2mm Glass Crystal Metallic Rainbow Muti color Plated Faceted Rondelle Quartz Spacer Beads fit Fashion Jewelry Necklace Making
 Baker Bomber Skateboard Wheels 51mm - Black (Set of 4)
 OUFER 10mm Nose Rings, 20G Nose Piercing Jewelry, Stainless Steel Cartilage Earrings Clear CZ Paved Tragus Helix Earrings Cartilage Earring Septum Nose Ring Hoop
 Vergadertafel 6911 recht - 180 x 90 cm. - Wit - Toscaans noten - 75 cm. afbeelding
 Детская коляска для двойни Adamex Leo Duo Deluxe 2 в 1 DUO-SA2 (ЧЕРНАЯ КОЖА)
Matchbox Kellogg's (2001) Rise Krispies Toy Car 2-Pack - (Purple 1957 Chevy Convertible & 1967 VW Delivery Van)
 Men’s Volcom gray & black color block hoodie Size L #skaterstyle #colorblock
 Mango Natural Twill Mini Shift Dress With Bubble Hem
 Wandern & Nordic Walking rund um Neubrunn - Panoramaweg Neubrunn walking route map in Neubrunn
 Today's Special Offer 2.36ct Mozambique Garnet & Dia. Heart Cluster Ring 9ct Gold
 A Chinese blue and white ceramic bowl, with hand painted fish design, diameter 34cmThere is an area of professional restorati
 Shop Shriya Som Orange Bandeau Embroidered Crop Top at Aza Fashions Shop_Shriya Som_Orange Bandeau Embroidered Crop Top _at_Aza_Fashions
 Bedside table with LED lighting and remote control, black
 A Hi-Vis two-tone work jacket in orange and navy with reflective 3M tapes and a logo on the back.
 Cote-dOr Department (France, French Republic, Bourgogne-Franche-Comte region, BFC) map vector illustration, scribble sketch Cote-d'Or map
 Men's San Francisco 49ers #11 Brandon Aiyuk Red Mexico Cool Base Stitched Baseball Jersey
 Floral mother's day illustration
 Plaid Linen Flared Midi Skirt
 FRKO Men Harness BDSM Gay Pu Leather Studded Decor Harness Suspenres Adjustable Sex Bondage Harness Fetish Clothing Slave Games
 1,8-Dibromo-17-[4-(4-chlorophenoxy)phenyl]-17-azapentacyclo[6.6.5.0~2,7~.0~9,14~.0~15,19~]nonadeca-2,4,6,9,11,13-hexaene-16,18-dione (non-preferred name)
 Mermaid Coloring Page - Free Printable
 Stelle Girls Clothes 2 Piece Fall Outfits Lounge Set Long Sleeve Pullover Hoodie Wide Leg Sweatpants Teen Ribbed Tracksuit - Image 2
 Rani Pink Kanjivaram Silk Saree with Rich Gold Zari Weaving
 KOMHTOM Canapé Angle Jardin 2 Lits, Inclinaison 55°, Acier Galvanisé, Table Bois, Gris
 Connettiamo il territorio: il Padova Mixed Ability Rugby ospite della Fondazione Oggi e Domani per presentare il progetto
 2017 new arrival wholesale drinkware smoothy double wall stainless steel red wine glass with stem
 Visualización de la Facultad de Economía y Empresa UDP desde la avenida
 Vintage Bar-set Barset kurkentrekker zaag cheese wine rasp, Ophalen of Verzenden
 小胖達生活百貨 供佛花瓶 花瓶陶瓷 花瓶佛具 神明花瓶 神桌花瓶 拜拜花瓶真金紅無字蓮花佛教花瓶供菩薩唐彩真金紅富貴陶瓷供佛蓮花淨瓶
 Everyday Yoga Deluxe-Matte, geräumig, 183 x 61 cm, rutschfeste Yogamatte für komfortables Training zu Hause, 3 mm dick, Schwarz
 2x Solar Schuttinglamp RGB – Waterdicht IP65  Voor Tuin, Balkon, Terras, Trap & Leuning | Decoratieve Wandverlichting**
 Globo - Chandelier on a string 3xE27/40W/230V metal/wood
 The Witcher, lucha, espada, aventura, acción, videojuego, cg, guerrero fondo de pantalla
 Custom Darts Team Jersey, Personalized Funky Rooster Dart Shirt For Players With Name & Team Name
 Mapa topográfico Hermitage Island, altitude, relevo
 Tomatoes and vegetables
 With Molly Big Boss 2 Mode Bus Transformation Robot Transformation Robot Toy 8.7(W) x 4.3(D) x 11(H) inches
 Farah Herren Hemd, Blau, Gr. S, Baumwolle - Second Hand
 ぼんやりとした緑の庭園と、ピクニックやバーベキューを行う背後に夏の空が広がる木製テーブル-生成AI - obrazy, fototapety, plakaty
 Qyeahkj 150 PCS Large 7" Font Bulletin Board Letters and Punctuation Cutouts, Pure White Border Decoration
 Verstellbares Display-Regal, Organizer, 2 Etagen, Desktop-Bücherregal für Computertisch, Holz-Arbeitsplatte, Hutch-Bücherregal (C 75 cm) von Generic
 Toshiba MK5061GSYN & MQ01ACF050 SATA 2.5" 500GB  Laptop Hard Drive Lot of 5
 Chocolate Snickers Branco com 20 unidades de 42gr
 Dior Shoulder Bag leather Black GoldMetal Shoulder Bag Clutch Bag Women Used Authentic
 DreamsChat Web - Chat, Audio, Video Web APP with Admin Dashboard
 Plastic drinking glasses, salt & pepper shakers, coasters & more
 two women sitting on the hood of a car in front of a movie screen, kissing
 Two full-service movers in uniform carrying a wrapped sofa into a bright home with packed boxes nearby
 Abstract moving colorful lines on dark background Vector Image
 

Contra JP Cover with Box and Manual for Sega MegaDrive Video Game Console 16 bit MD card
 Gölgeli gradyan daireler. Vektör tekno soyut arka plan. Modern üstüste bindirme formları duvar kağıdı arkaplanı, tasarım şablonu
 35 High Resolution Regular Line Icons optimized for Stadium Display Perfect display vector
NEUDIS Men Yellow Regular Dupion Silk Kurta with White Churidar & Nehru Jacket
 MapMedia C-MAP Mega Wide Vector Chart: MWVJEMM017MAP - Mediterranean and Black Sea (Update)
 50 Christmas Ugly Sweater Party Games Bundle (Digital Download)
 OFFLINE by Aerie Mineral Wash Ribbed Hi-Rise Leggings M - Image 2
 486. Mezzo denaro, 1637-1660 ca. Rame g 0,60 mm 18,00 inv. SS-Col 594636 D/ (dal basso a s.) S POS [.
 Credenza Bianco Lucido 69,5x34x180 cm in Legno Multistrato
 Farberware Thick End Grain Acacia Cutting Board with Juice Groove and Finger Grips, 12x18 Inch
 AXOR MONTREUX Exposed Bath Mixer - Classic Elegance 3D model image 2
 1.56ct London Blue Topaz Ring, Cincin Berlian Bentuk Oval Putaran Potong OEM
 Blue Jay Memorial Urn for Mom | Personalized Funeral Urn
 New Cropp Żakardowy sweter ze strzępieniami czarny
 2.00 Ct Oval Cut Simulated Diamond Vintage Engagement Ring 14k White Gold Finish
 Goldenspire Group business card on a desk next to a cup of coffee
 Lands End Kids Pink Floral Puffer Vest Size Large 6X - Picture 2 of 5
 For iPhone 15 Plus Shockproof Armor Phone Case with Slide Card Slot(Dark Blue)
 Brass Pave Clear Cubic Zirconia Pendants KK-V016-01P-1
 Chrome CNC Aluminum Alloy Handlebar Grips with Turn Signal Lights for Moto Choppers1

ASSIGNMENT -> When you retype the data above, start at its first line, stop after the line containing "A Hi-Vis two-tone", and leave out everything else.

WRITTEN ANSWER ->
2mm Glass Crystal Metallic Rainbow Muti color Plated Faceted Rondelle Quartz Spacer Beads fit Fashion Jewelry Necklace Making
 Baker Bomber Skateboard Wheels 51mm - Black (Set of 4)
 OUFER 10mm Nose Rings, 20G Nose Piercing Jewelry, Stainless Steel Cartilage Earrings Clear CZ Paved Tragus Helix Earrings Cartilage Earring Septum Nose Ring Hoop
 Vergadertafel 6911 recht - 180 x 90 cm. - Wit - Toscaans noten - 75 cm. afbeelding
 Детская коляска для двойни Adamex Leo Duo Deluxe 2 в 1 DUO-SA2 (ЧЕРНАЯ КОЖА)
Matchbox Kellogg's (2001) Rise Krispies Toy Car 2-Pack - (Purple 1957 Chevy Convertible & 1967 VW Delivery Van)
 Men’s Volcom gray & black color block hoodie Size L #skaterstyle #colorblock
 Mango Natural Twill Mini Shift Dress With Bubble Hem
 Wandern & Nordic Walking rund um Neubrunn - Panoramaweg Neubrunn walking route map in Neubrunn
 Today's Special Offer 2.36ct Mozambique Garnet & Dia. Heart Cluster Ring 9ct Gold
 A Chinese blue and white ceramic bowl, with hand painted fish design, diameter 34cmThere is an area of professional restorati
 Shop Shriya Som Orange Bandeau Embroidered Crop Top at Aza Fashions Shop_Shriya Som_Orange Bandeau Embroidered Crop Top _at_Aza_Fashions
 Bedside table with LED lighting and remote control, black
 A Hi-Vis two-tone work jacket in orange and navy with reflective 3M tapes and a logo on the back.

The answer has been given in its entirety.